The dog I'm looking to insure will only be 8 weeks old when I insure him. So unless something happens in the waiting period, he should have it all covered right?


----------



## joneser (Jun 9, 2014)

I've had a positive experience with PetPlan. $100 deductible, I chose them because of the coverage for knees. 
Read the fine print when you start coverage....I did not! I started his policy, took him in a few days later for gunky eyes. A few months later I got him tested for environmental allergies and PetPlan considers it a pre-existing condition because of the gunky eye visit during the 14 day waiting period. Rookie mistake


----------



## karma_ (Apr 23, 2012)

Proud client of Healthy Paws since 2011. After those 4 years, the monthly rate has only been increased by $10 -- with 3 claims, none of which went past the $500 deductible. Unfortunately, I was a bit late to the pet insurance party and enrolled just a bit after his 6th birthday, so no HD coverage for him. Although, fortunately, he hasn't needed it and is nearing his 11th birthday


----------



## Benny and Me (Dec 21, 2015)

I had used Pet Plan in the past and was very pleased with it. I now use Trupanion simply because it pays 90% of specialist's fees vs Pet Plan's 80%. I was very interested in Healthy Paws but they will not cover show or performance animals.


----------



## Wags (Dec 17, 2015)

Benny and Me said:


> I had used Pet Plan in the past and was very pleased with it. I now use Trupanion simply because it pays 90% of specialist's fees vs Pet Plan's 80%. I was very interested in Healthy Paws but they will not cover show or performance animals.


Yes, I need to call them and ask what is a "performance" animal. I believe this is their definition:
For working pets, no coverage shall apply for any condition resulting from activities related to
racing, breeding, law enforcement, guarding or for any commercial use.

So even if it wasn't competitive, but for fun, they'd exclude the dog.


----------



## Wags (Dec 17, 2015)

I emailed Healthy paws in regard to their "working dog" exclusion, to see if we would be excluded for doing agility or flyball. The short answer is well, there isn't really a short answer. WE won't be excluded, but somebody else could be. It depends at what level you compete. If you are dong it as a fun workout, and maybe competing locally for fun, but not for monetary rewards, then you are covered. It becomes a working dog once you compete nationally or internationally. Here is what they said:

"Hi Deanna, 

Thank you for your interest in Healthy Paws! We welcome the opportunity to protect you and your pet from the cost of unexpected medical care. Our working dog exclusion applies to professional level activities. We do not offer coverage for agility dogs who are competing for large sums of money (national shows or international shows like AKC or USDAA), law enforcement or military dogs, or racing dogs. We do, however, provide coverage for our pet parents and furry friends that practice agility for fun, or at lower levels. Many of our pet parents love to practice agility with their dogs (and cats!) for fun, and we're happy to provide coverage if any of these pets ever has an accident (though we hope not).

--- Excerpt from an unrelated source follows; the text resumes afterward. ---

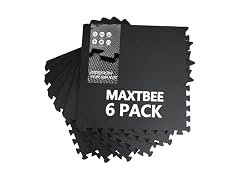 MAXTBEE 1/2 inch Thickened Interlocking Foam Floor Mats (24 Sq Ft), 6 Tiles 
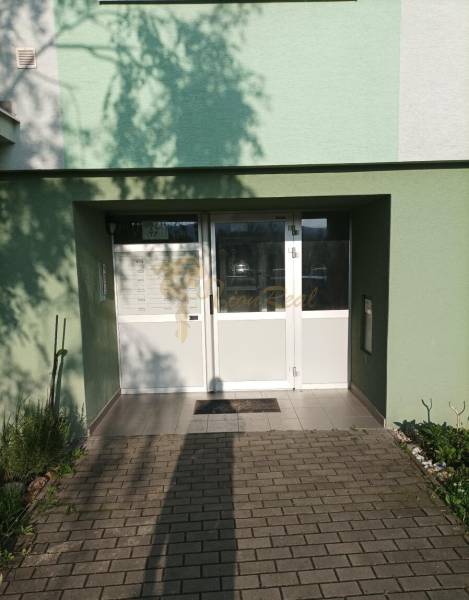 Entrance to the building with mailboxes on Suvorovova Street in Pezinok.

If you have questions, you can call us at 855-898-8991 or email us at [email protected]. We are available Monday-Friday from 6 a.m. to 6 p.m. and Saturday-Sunday 8 a.m. to 5 p.m. Pacific Time.

Warmest regards,

Lisa

Healthy Paws Customer Care
ref:_00DA0HEuf._500F0mab74:ref"


----------



## Benny and Me (Dec 21, 2015)

Wags said:


> Yes, I need to call them and ask what is a "performance" animal. I believe this is their definition:
> For working pets, no coverage shall apply for any condition resulting from activities related to
> racing, breeding, law enforcement, guarding or for any commercial use.
> 
> So even if it wasn't competitive, but for fun, they'd exclude the dog.

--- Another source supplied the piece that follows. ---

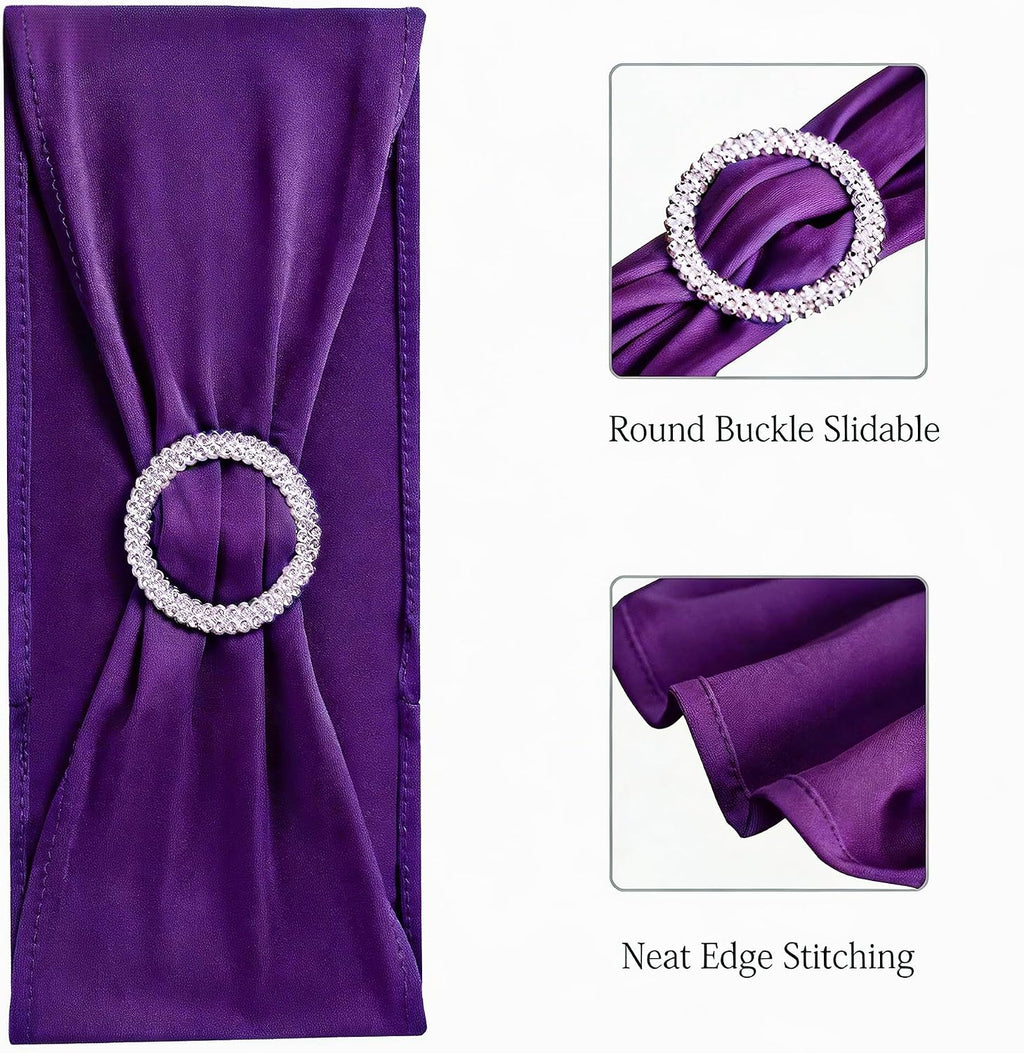 Spandex Purple Chair Sashes 100 Pack Wedding Chair Bows Bands with Buckles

I called them twice. The first time the lady was nice but was unsure if they would cover a dog who trained in agility. She read the policy to me saying that racing, breeding, and law enforcement dogs were not covered but that service dogs were. I called back a few days later to see if they offered a rider that would specifically cover any injuries that occurred while training for dog sports. The lady curtly told me that Pet Plan did not cover any working dogs and offered no explanation of what they considered a working dog.


----------



## Wags (Dec 17, 2015)

Benny and Me said:


> I called them twice. The first time the lady was nice but was unsure if they would cover a dog who trained in agility. She read the policy to me saying that racing, breeding, and law enforcement dogs were not covered but that service dogs were. I called back a few days later to see if they offered a rider that would specifically cover any injuries that occurred while training for dog sports. The lady curtly told me that Pet Plan did not cover any working dogs and offered no explanation of what they considered a working dog.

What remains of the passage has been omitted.